Feeds

EMC touts screeching Hawq SQL performance for Hadoop

With Hive in one claw and an Impala in the other

HP ProLiant Gen8: Integrated lifecycle automation

EMC's Pivotal Initiative division made a big splash last week with the launch of its Pivotal HD distribution of Hadoop. This is not a normal Hadoop distribution, but one that takes the parallel guts of the Greenplum database and reworks them to transform the Hadoop Distributed File System (HDFS) into something that speaks perfectly fluent SQL.

As discussed previously, Pivotal HD will incorporate Project Hawq, an SQL database layer that rides atop of HDFS rather than trying to replace it with a NoSQL data store.

How does this Hawq layer work, and just how fast is it? El Reg attended a presentation where Gavin Sherry, the Greenplum database chief architect who spearheaded the development of the Hawq database layer, took us through some of the details, while Josh Klahr, product manager for Pivotal HD, showed off EMC's latest Hadoop distro and the Hawq add-on.

EMC database chief architect Gavin Sherry

EMC database chief architect Gavin Sherry

Sherry started out by reminding everyone that Hawq speaks ANSI-compliant SQL, and any version of SQL at that. That means any kind of graphical tool, such as Tableau, can ride atop Hawq, as can EMC's own Chorus management tool and query dashboard. You can also, as Sherry pointed out, poke it with JDBC or ODBC queries, call it from Ruby, Python, Scala, Clojure, or other languages, or attack it from within an SQL console, as Sherry himself did during a demonstration.

It also starts with an SQL query that is run through the Hawq parser, like so:

An SQL query gets parsed by the Hawq database layer for HDFS

An SQL query gets parsed by the Hawq database layer for HDFS

"One that query comes in, we parse it and generate a parse tree, and I am getting a little bit nerdy here," explains Sherry. "The something very special happens. We take that parse tree, and we take metadata from our universal catalog service. We take a cost model that actually reflects the underlying Hadoop cluster. It understands the performance of the storage, it understands the cost of accessing this data over that data, or data in one particular order or another. And then it sends a resource model, and combined it generates a query execution plan."

Like this:

The SQL query gets put through a parallel optimizer that understands HDFS

The SQL query gets put through a parallel optimizer that understands HDFS

"There is something incredibly important about this process," Sherry continued, "and it has taken 40 years of computer science research to get to what we have here today. That execution plan is the optimal execution plan for utilization of the Hadoop cluster. This cost model-based optimization is really something rare, and in fact, no one else in the industry working with Hadoop, working with query engines on top of Hadoop, has anything like this."

In this particular execution plan, Sherry noted, it is just a two-way join of database tables, and this is a relatively simple task for the Hawq query optimizer. "We are already doing 20-, 30-, and 60-way joins with this optimizer," boasted Sherry.

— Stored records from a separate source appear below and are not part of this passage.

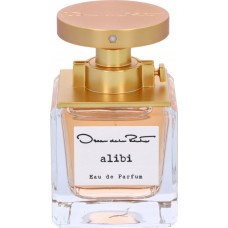 Alkotest OSCAR DE LA RENTA Alibi EDP spray 50ml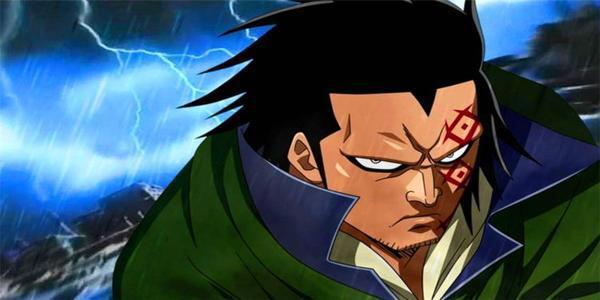 盘点海贼王四大谜题：布鲁克的剑有延迟，贝加庞克长什么样？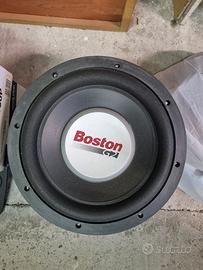 Subwoofer Boston G2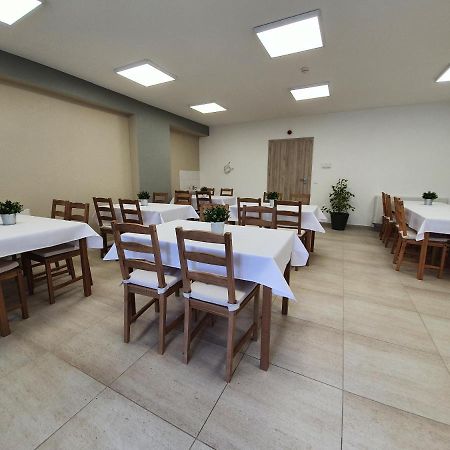 Harmonia Panzio Apartment Bogács Exterior photo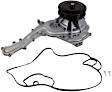 125-3290 Water Pump, 6.7L, 8Cyl, OE Replacement Series
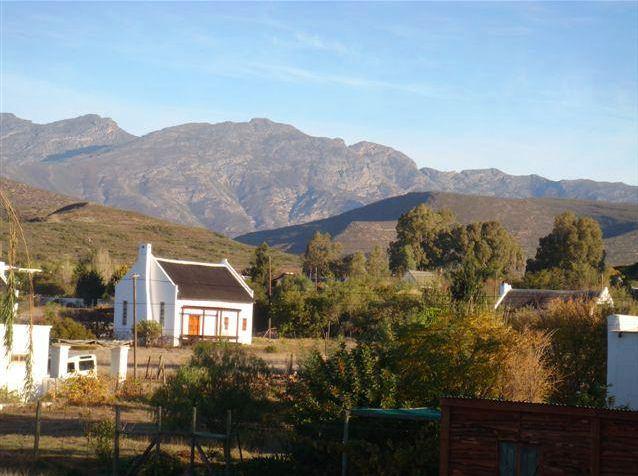 The Loft | McGregor Accommodation
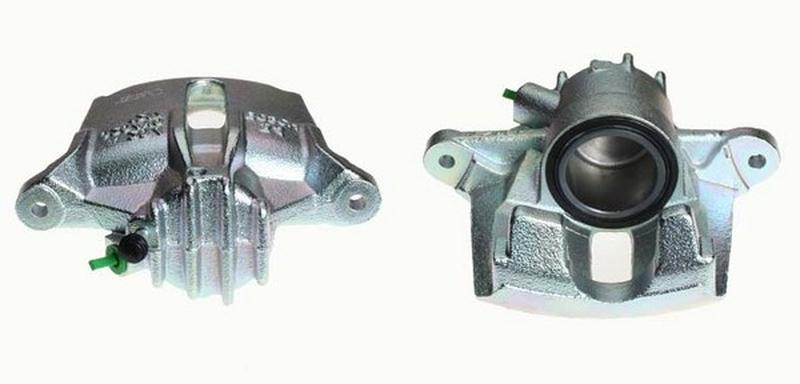 BUDWEG-CALIPER 343194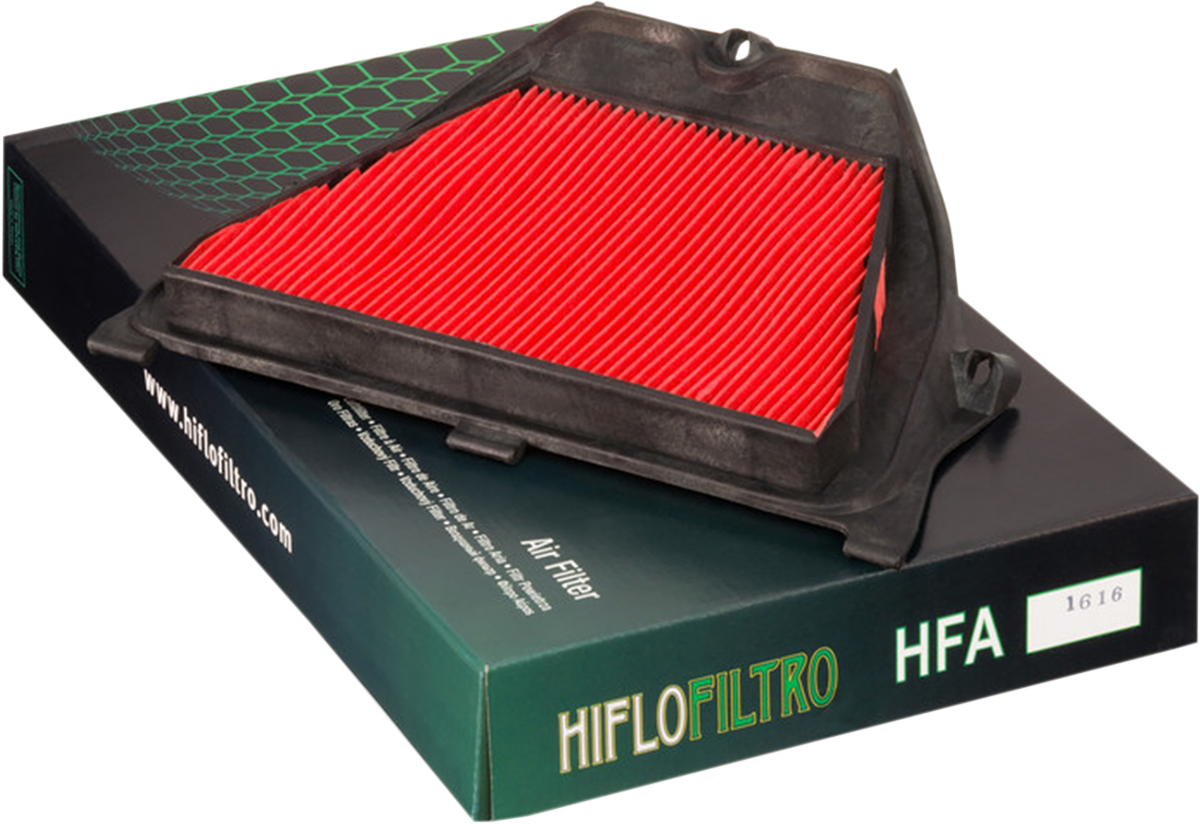HIFLOFILTRO Replacement OE Air Filter for Honda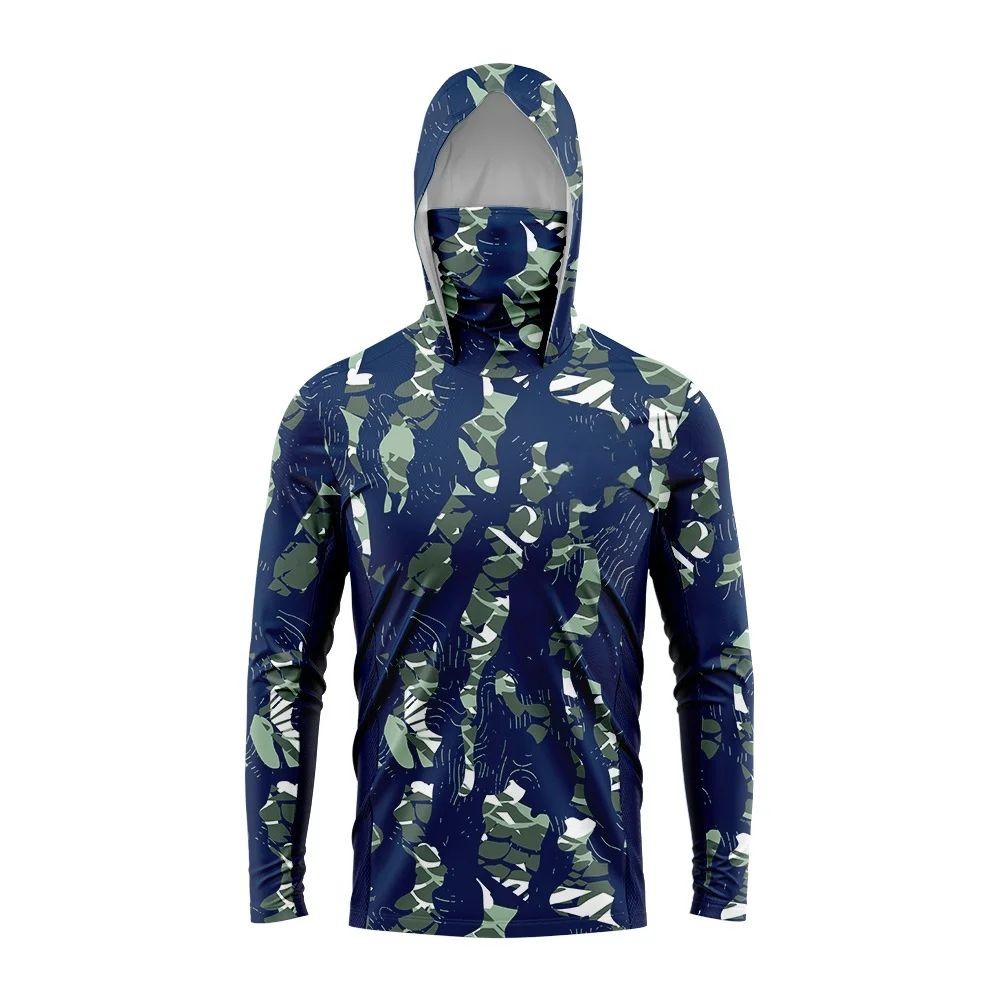أفضل ملابس صيد للرجال لصيف 202 - مراجعة Outdoor Sports Outfit وسعره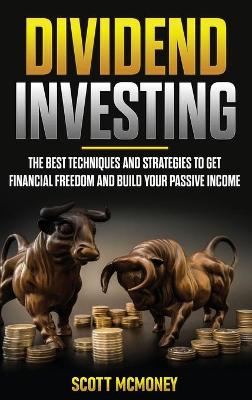 Book cover for Dividend Investing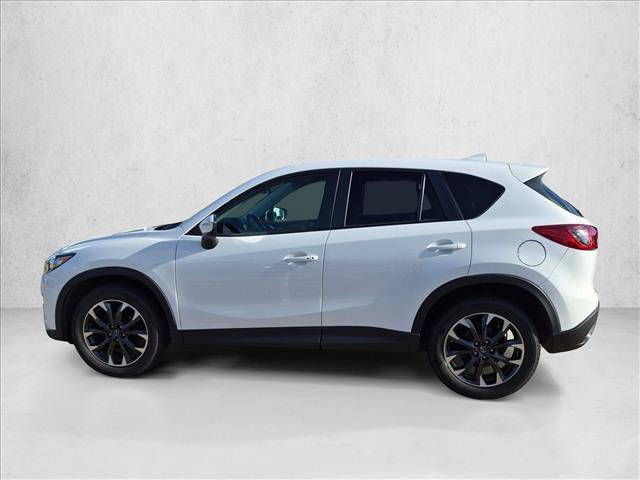 Used 2016 MAZDA CX-5 Grand Touring FWD image 5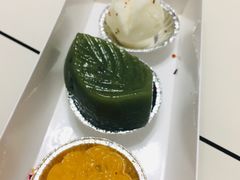 -安泰楼·佛跳墙创始人·传统闽味早茶·酒楼(三坊七巷闽菜地标店)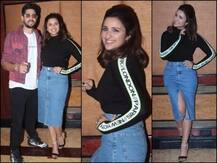 \'ਜਬਰੀਆ ਜੋੜੀ\' ਦੀ ਰਿਲੀਜ਼ ਤਾਰੀਖ਼ \'ਚ ਬਦਲਾਅ, ਪ੍ਰੋਮੋਸ਼ਨ \'ਚ ਰੁੱਝੇ ਸਿਧਾਰਥ ਤੇ ਪਰੀਨੀਤੀ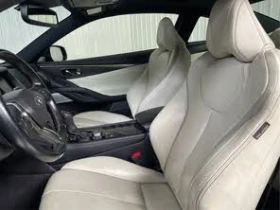 Infiniti Q 60 Sport 400 AWD* АвтоКреди* (ЦЕНА ДО БГ) | Auto.bg — изображение 10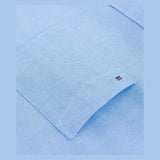Liam™ | Camisa de Algodón Elegante
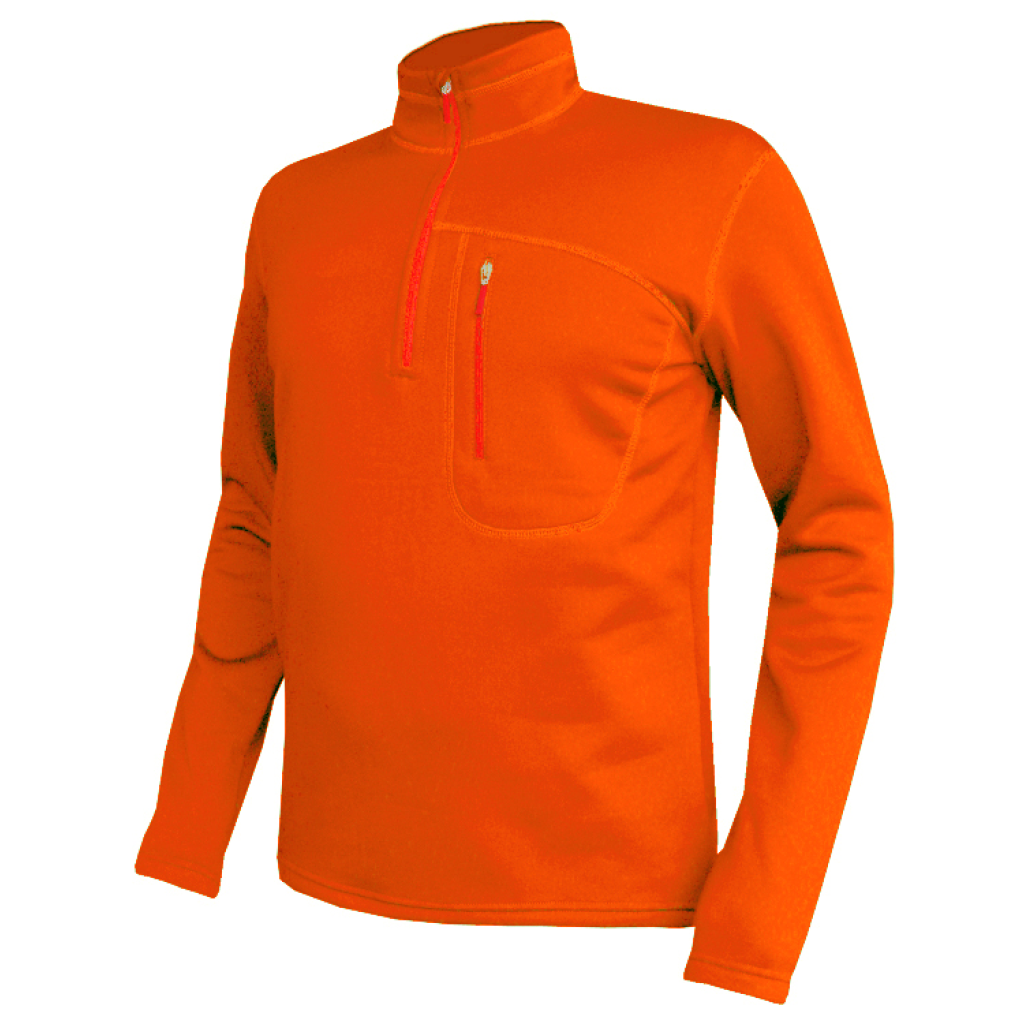 Пуловер Polartec® Power Stretch Walker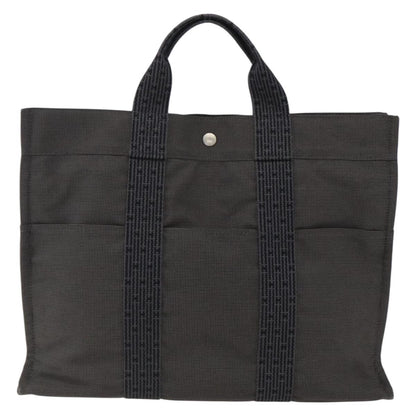 Hermes Fourre-tout Herline Canvas Product Image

The query executor uses the HDFS NameNode to pass work to Hawq database segments

The query executor uses the HDFS NameNode to pass work to Hawq database segments

The secret to Hawq, Sherry said, was that the database layer has dynamic pipelining, which is the combination of a bunch of different Greenplum technologies that have been built for the parallel relational database (a derivative of PostgreSQL) that Greenplum created when it was a standalone company a decade ago.

The dynamic pipeline is a job scheduler for queries (separate from the NameNode and the JobTracker in Hadoop) that can schedule queries in the most optimal way.

After the queries are executed on the appropriate data chunks under the direction of the Hadoop NameNode, they stream back to the NameNode and the results are streamed back to whatever bit of software was doing the SQL query.

This dynamic pipeline is what makes Hawq perform 10X to 600X times faster running SQL queries compared to using something like Hive running atop HDFS. And, these performance improvements are what turn Hadoop from a batch system into an interactive one.

Then, in a live demonstration, Klahr took a 60-node Hadoop cluster equipped with a retail establishment's data with 1 billion rows of data and sorted that customer information into two buckets, male and female. Using HDFS and the Hive data warehouse and its SQL-like HiveQL, this query took more than an hour. On the same cluster running Hawq on top of it, this sort took around 13 seconds on stage.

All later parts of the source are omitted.